La renacionalización del petróleo en 2014 no fue ilegal, ya que los recursos naturales pertenecen a Venezuela, ni fue una confiscación general. Pero dos compañías petroleras estadounidenses –ExxonMobil y ConocoPhillips– se negaron a cooperar con el gobierno chavista, mientras Chevron seguía operando. El Estado expropió los activos de empresas multinacionales que no cooperaron y ambas enfrentaron años de litigios internacionales, que ganaron. Sin embargo, el Estado de Venezuela aún no ha pagado la totalidad de la indemnización debido al colapso económico.

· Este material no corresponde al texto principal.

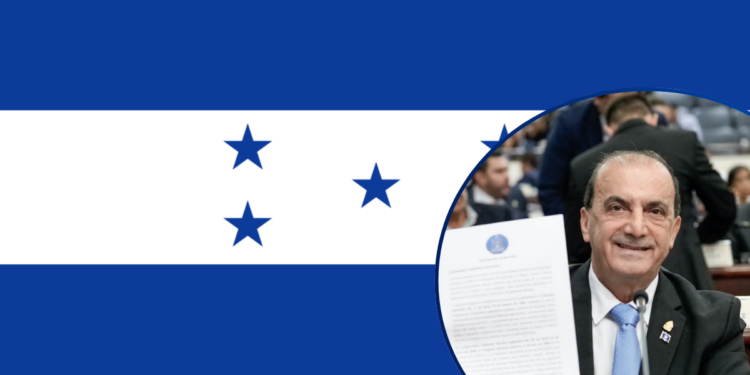 ¡Ahora el problema es el azul! Diputado propone cambiar el color de la bandera de turquesa a turquí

Es cierto que, a pesar de tener las mayores reservas mundiales de petróleo crudo, el sector petrolero de Venezuela sufre de una subinversión crónica y una falta de personal calificado. Además, estas reservas son petróleo pesado, muy viscoso y con una alta huella de carbono. Por ello, tiene altos costos de procesamiento, aunque es un hidrocarburo apto para las refinerías estadounidenses en el Golfo de México.
Según Rystad Energy, Venezuela necesitaría invertir 110.000 millones de dólares para restablecer los niveles de producción de hace 15 años, que es el doble de lo que las compañías petroleras estadounidenses han invertido a nivel mundial en 2024. Queda por ver si mostrarán el mismo entusiasmo que Trump por el petróleo venezolano, especialmente teniendo en cuenta el escenario actual, plagado de incógnitas político-legales y precios relativamente bajos.
Entonces cobra cada vez más peso la idea de que a EE.UU. le interesa, sobre todo, impedir que sus rivales políticos, Rusia, China e Irán, tengan buenas relaciones con el actual Gobierno de Venezuela, controlen el petróleo venezolano y lo conviertan en un futuro arma estratégica.